Col1 Col2 ... Col_n-1 Col_n
2015-10-27 21:15:60+0 1220
2015-10-27 21:25:4+0 1420
2015-10-27 21:28:8+0 1410
2015-10-27 21:37:10+0 51.5
2015-10-27 21:37:11+0 1500
2015-10-27 21:46:14+0 51
2015-10-27 21:46:15+0 1390
2015-10-27 21:55:19+0 1370
2015-10-27 22:04:24+0 1450
2015-10-27 22:13:28+0 1350
2015-10-27 22:22:31+0 1400
2015-10-27 22:22:31+0 50.5
2015-10-27 22:25:33+0 1300
2015-10-27 22:29:42+0 ... 1900
2015-10-27 22:29:42+0 63
2015-10-27 22:34:36+0 1280
For anyone interested – I ended up writing my own function to:
- go through dataframe
- taking note of rows that need merging by taking note of the indexes
- aggregate or average the values across all rows
- delete all but one row of each set that needed merging replacing its values with the aggregations or averages (depending on what I needed)
code:
def groupDataOnTimeBlock(data, timeBlock_type, timeBlock_factor):
'''
Filter Dataframe to merge lines which are within the same time block.
i.e. being part of the same x number of seconds, weeks, months...
data:
Dataframe to filter.
timeBlock_type:
Time period with which to group data rows. This can be data per:
SECONDS, DAYS, MILLISECONDS
timeBlock_factor:
Number of timeBlock types to group on.
'''
pd.options.mode.chained_assignment = None # default='warn'
tBt = timeBlock_type.upper()
tBf = timeBlock_factor
if tBt == 'SEC' or tBt == 'SECOND' or tBt == 'SECONDS':
roundType = 'SECONDS'
elif tBt == 'MINS' or tBt == 'MINUTES' or tBt == 'MIN':
roundType = 'MINUTES'
elif tBt == 'MILLI' or tBt == 'MILLISECONDS':
roundType = 'MILLISECONDS'
elif tBt == 'WEEK' or tBt == 'WEEKS':
roundType = 'WEEKS'
else:
raise ValueError ('Invalid time block type entered')
numElements = len(data.columns)
anchorValue = timeStampReformat(data.iloc[1,len(data.columns)-7], roundType, tBf)
delIndex = []
mergeCount = 0
av_agg_arr = np.zeros([1,numElements], dtype=float)

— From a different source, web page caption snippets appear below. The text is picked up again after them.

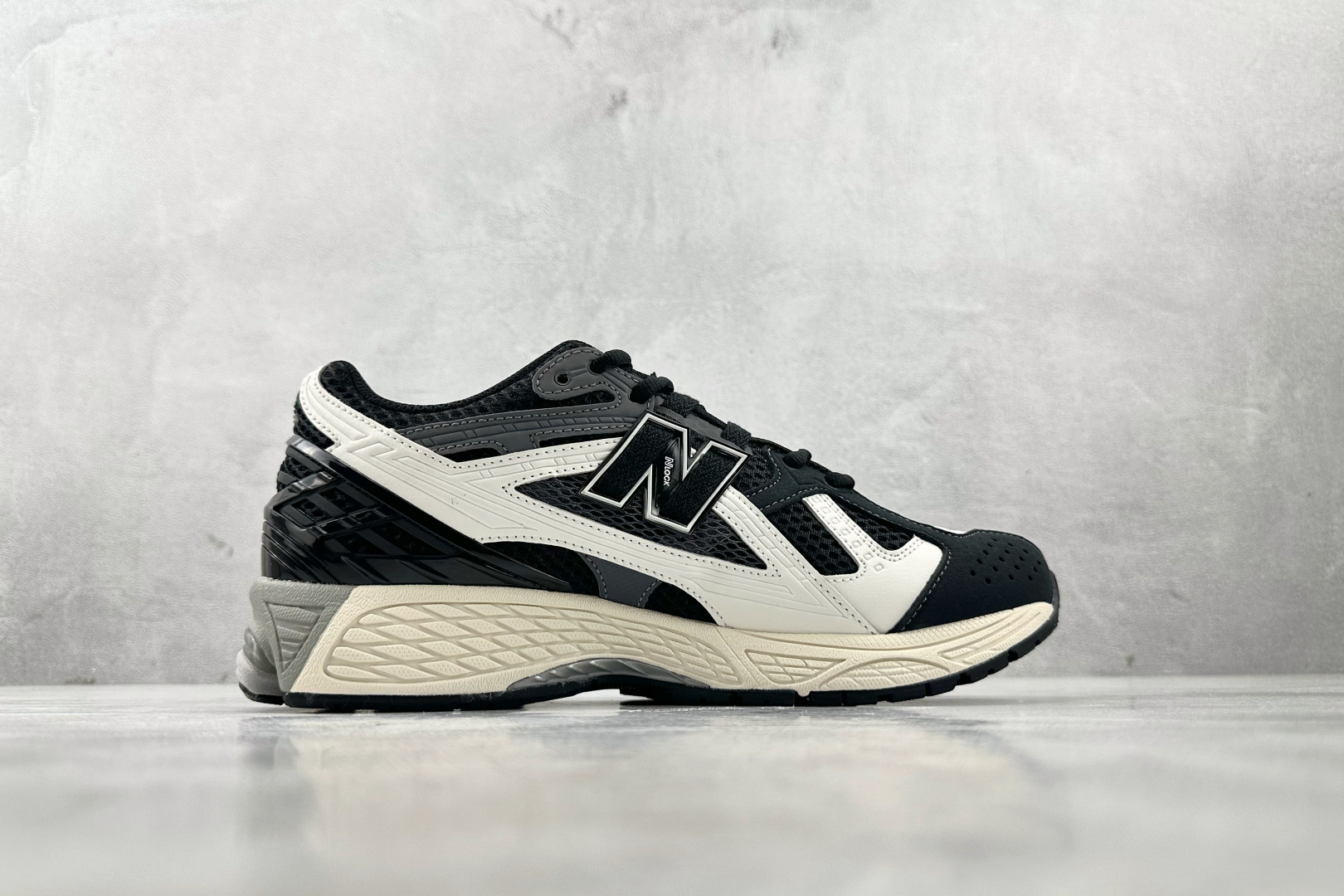 New Balance Sneakers-174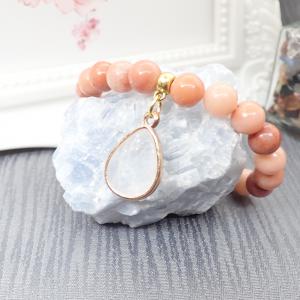 Barackszín aventurin karkötő hegyikristállyal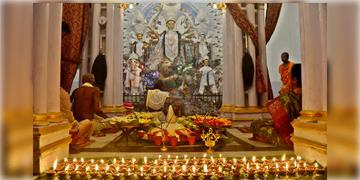 Read more about - Durga Puja 2024 | পুজোয় আনুন বনেদি স্বাদ, রইলো কলকাতার সেরা কয়েকটি রাজবাড়ির দুর্গাপুজোর ঠিকানা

#Cycling through dataframe to get averages and note which rows to delete
for i, row in data.iterrows(): #i is the index value, from 0
backDate = timeStampReformat(row['Timestamp'], roundType, tBf)
data.loc[i,'Timestamp'] = backDate #can be done better. Not all rows need updating.
if (backDate > anchorValue): #if data should be grouped
delIndex.pop() #remove last index as this is the final row to use
delIndex.append(i) #add current row so that it isnt missed.
print('collate')
if mergeCount != 0:
av_agg_arr = av_agg_arr/mergeCount
for idx in range(1,numElements-1):
if isinstance(row.values[idx],float):
data.iloc[i-1, idx] = av_agg_arr[0, idx] #configure previous (index i -1) row. This is the last of the prior datetime group
anchorValue = backDate
mergeCount = 0
# Re-initialising aggregates and passing in current row values.
av_agg_arr = av_agg_arr - av_agg_arr
for idx in range(1,numElements-1):
if isinstance(row.values[idx],float):
if not pd.isnull(row.values[idx]):
av_agg_arr[0,idx] += row.values[idx]
else: #else if data is still part of same datetime group
for idx in range(1,numElements-1):
if isinstance(row.values[idx],float):
if not pd.isnull(row.values[idx]):
av_agg_arr[0,idx] += row.values[idx]
mergeCount += 1
delIndex.append(i) #picking out index value of row
data.drop(data.index[delIndex], inplace=True) #delete all flagged rows
data.reset_index()
pd.options.mode.chained_assignment = 'warn' # default='warn'
return data
Building up on @EdChum ‘s answer, it is also possible to use the min_count
parameter of groupBy.sum
to manage NaN values in different ways. Let’s say we have an additional row to the example:
Col1 Col2
2015-10-27 22:22:31 1400 NaN
2015-10-27 22:22:31 NaN 50.5
2022-08-02 16:00:00 1600 NaN
then,
In [184]:
df.groupby('index').sum(min_count=1)
Out[184]:
Col1 Col2
index
2015-10-27 22:22:31 1400 50.5
2022-08-02 16:00:00 1600 NaN
Using min_count=0
will output 0 instead of NaN values.